Yea, you certainly do miss a lot about an area if you don’t venture off the highway. All the more reason to consider slowing down your travels and spending some time in the areas you pass through. As for the hotel, it would be a novelty to spend the night there, but having to go outside to the nearby converted silo to use the bathroom would be a deal breaker.
Great Blog as usual .. You know our hometown of Nashua is also the “Gate” city to NH .. you should check your blogs to see how many other Gate cities you have been to…. safe drive back to Florida .. see you in a couple months …
Good point! I’ll have to look back to see how many gateway cities I’ve been through. I know of at least a few. I was not aware that Nashua was considered a Gate city. Good to know!
I also looked at your itinerary for Nevada and wanted to let you know of a couple things since I lived in Sparks for a year while working at Fallon Naval Air Station .. I commuted 70 miles each way every day from Sparks to Fallon NAS .. it was a truly fun and scary commute .. Rte 50 from Fernly to Fallon is known as a Free Range road where cattle have open access to the roadway .. I had to be extra vigilant when going to and from work because there was the good chance that cattle would be on the road .. please remember this as you drive with that monstrosity of a vehicle and look out for animals .. be safe and enjoy …

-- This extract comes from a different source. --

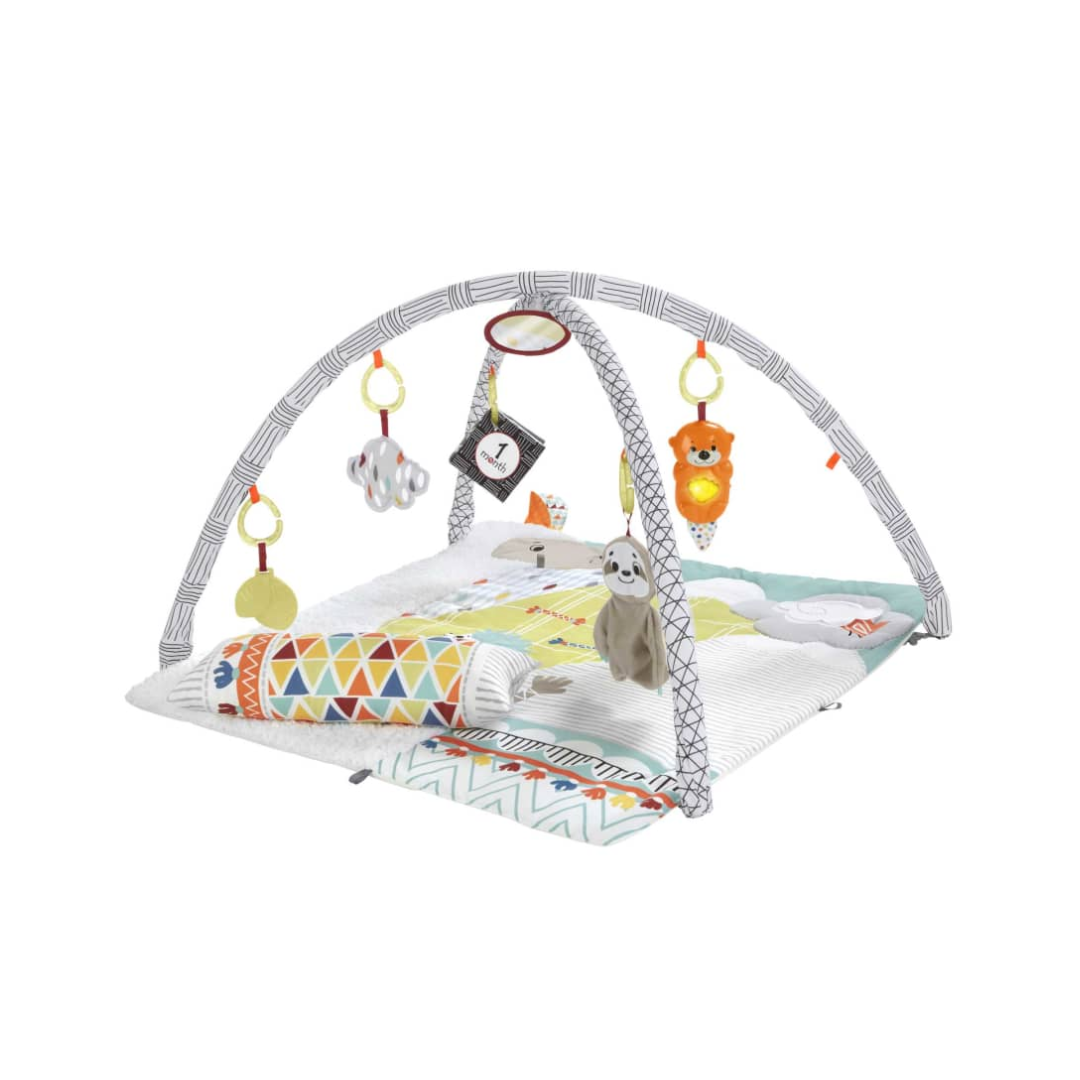 Perfect Sense™ Deluxe Baby Gym Mat - Image 2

Interesting that you mentioned that. I recently read that the 250 mile run between Fernley and Ely along Rt 50 is known as the loneliest road. Very little traffic, no towns, and just the mountains and free range cows to entertain you. I just landed in East Fallon (Cold Springs) and definitely experienced that loneliness. I didn’t see any roaming cows, but neither did I see any civilization. It was, however, a very beautiful scenic drive.

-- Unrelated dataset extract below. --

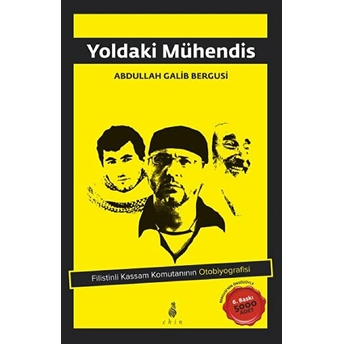 Yoldaki Mühendis Abdullah Galib Bergusi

Looks like you are about 50 miles east of Fallon. Did you get a chance to drive by Fallon NAS. There are usually a couple Navy Squadrons of fighters and bombers there on any given week. Major test and practice range for the Navy.. If you thought that Rte 50 was desolate.. wait till you go from Ely to Beatty .. going through Tonopah where I also spent a lot of time working .. look south from Tonopah and you will still not see where I was .. It was the most desolate place I have ever been .. but on the good side I have never seen the stars and our universe any better because there was no light source for hundreds of miles .. enjoy ..
I actually drove to Fallon NAS. Of course I couldn’t get on station, but I hung out at the little Veterans Park nearby for a while hoping to catch some aircraft flying around. But alas it was Sunday so likely no training going on. I agree with you regarding the night sky out here. Absolutely amazing!